C'est dire que l'élément neutre ne fait pas spontanément partie de "la pensée sauvage". C'est dire aussi qu'un élément ne peut être neutre que relativement à notre façon d'articuler un discours:

  • à partir de {*} et de la multiplication,
  • ou bien de { } et de l'addition.

- Et que tires-tu de tous ces développements ?

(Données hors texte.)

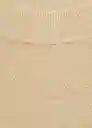 Jersey Avena Beige Talla S Hombre Mango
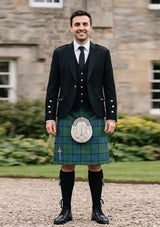 Traditional_Lockhart_Tartan_2258_Kilt_and_Argyle_Jacket_Kilt_Outfit_front_image
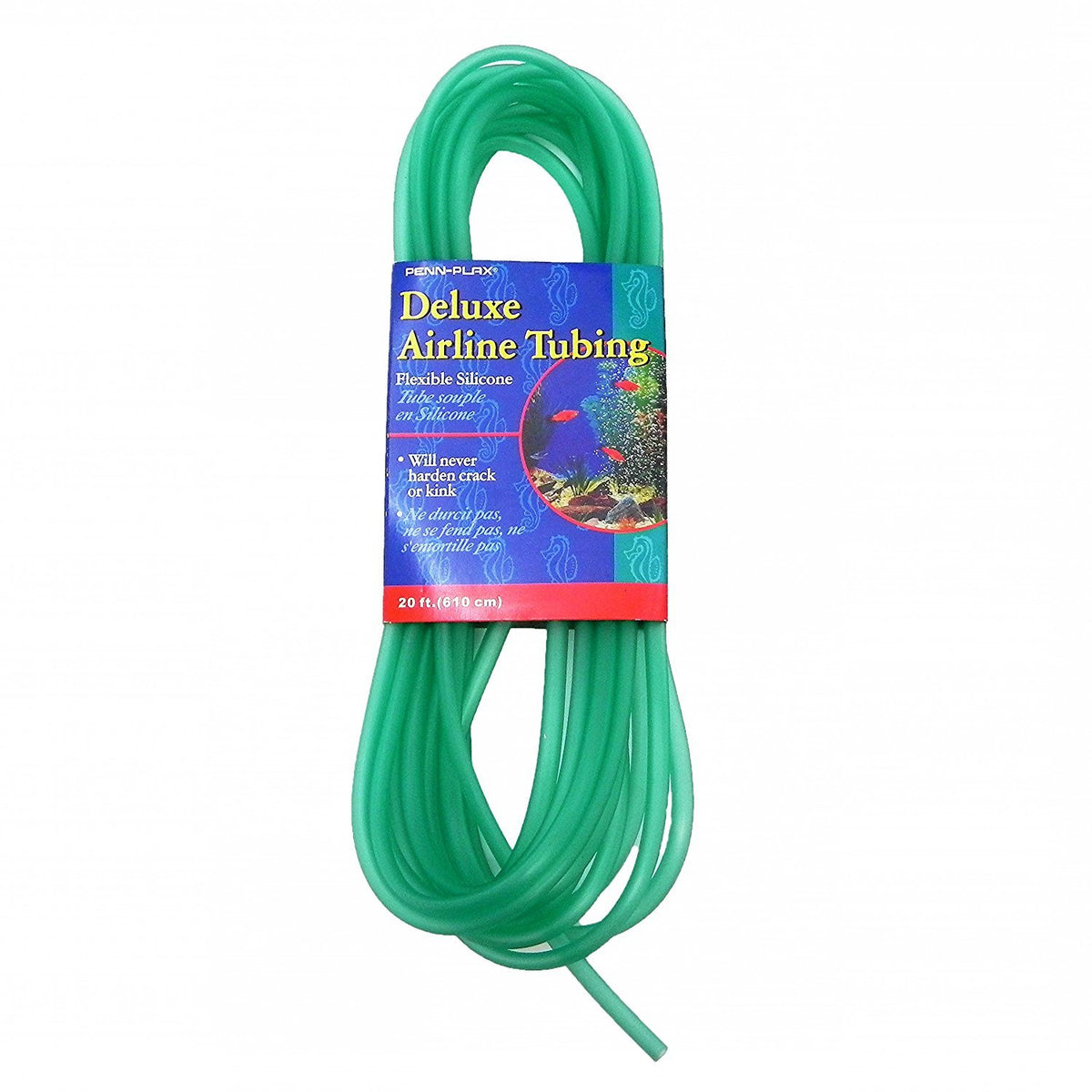 Penn-Plax Deluxe Airline Tubing For Aquariums – Made Of Durable Silicone – Safe For Freshwater And Saltwater Fish Tanks – 20 Feet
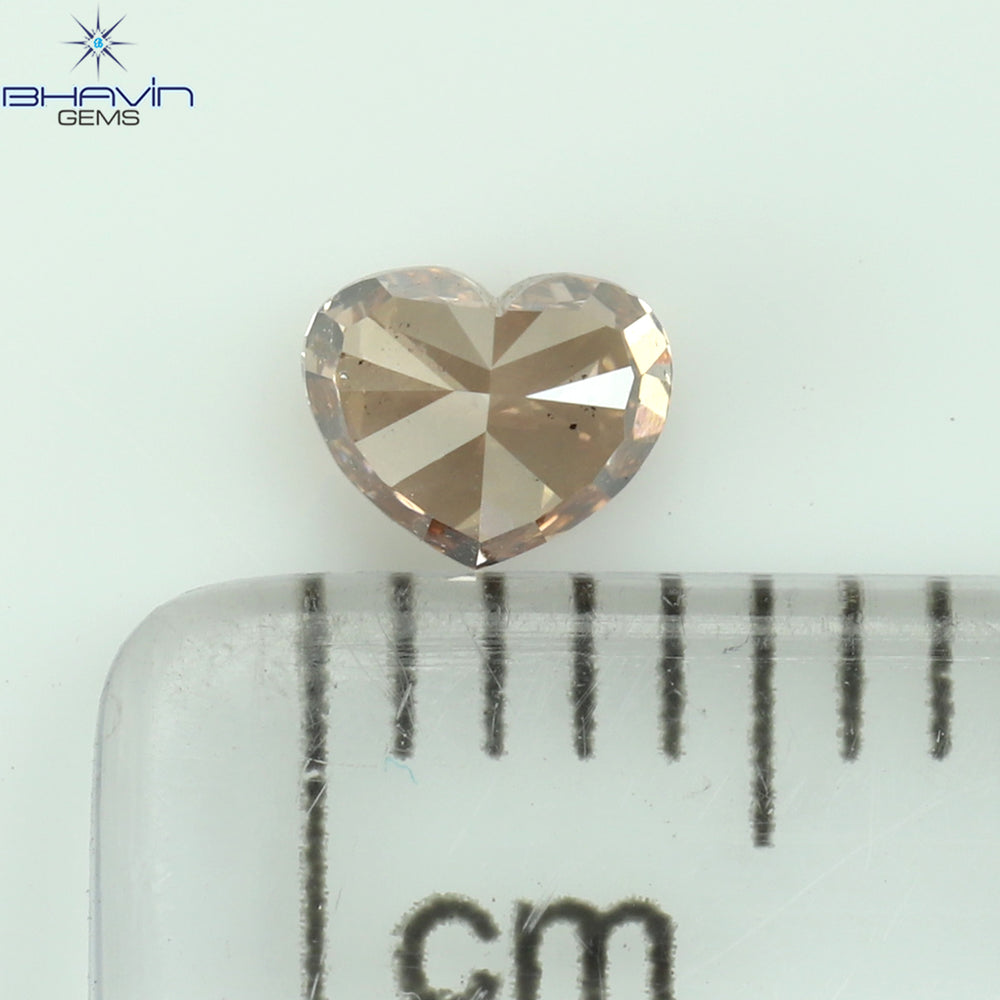 0.30 CT Heart Shape Pink (Argyle) Color Natural Loose Diamond SI1 Clarity (4.16 MM)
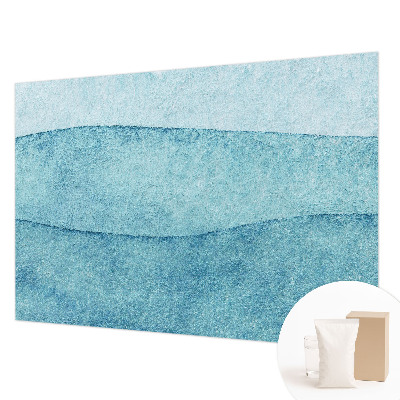 Papier peint panoramique enfant avec un motif de vagues bleues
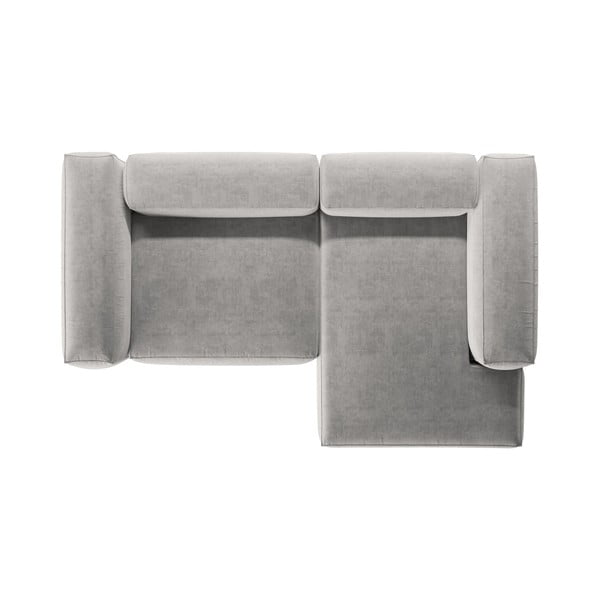 Colțar gri deschis (cu colț pe partea dreaptă/cu șezlong) Bergamo – Cosmopolitan Design-image-3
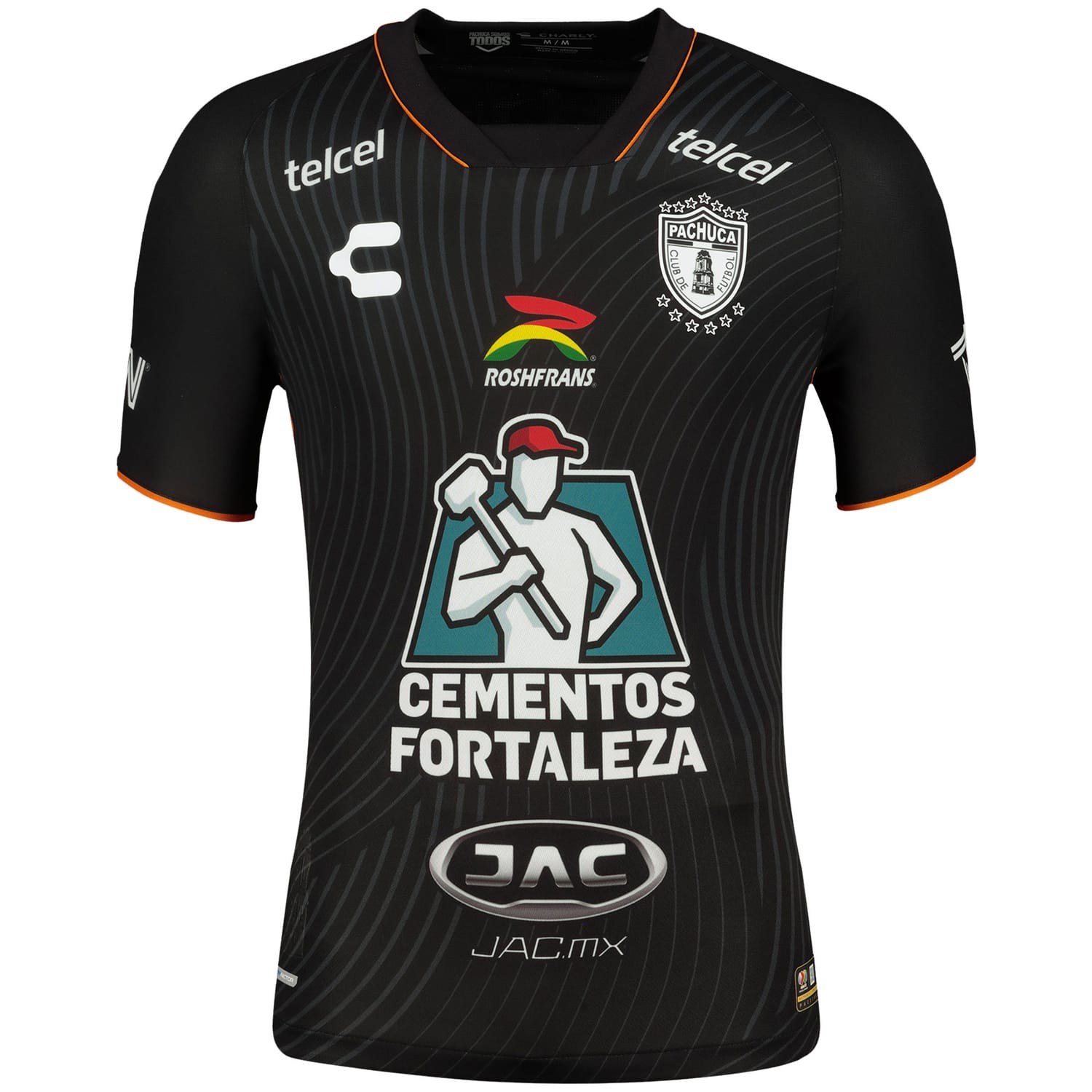 Liga MX C.F. Pachuca Away Authentic Jersey Shirt Black 2023-24 for Men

- Que notre façon de définir une symétrie par rapport à un élément neutre vient après notre perception des objets, dans notre propre maturation intellectuelle. Et, cependant, à un niveau plus élémentaire, nous parvenons à concevoir la notion d'objet grâce à une symétrie plus élémentaire que nous créons entre présence / absence (oui, toujours le petit Ernst et son jeu de fort/da). Il n'y a pas d'élément neutre à ce niveau : l'objet est là ou pas, la porte ouverte ou fermée.

- C'est un peu le chien qui courre après sa queue...

- Oui, je crois qu'il faut faire ici un break pour méditer là-dessus cette nuit.

Bonne rumination,

Hari.

Note 1

J'ai beaucoup travaillé sur le sujet depuis cet article, pour en arriver à celui-ci:

Note 2

Au sujet de la dichotomie: 

  • Les symétries en I01 s'expriment effectivement par des oppositions entre couples de concepts;
  • Par contre, au niveau IR, nous verrons ultérieurement que les oppositions se traduisent par une orthogonalité entre concepts.

Ainsi, le fait de développer mon discours autour du concept de dichotomie, confirme, a posteriori, que je me situe effectivement au niveau I01.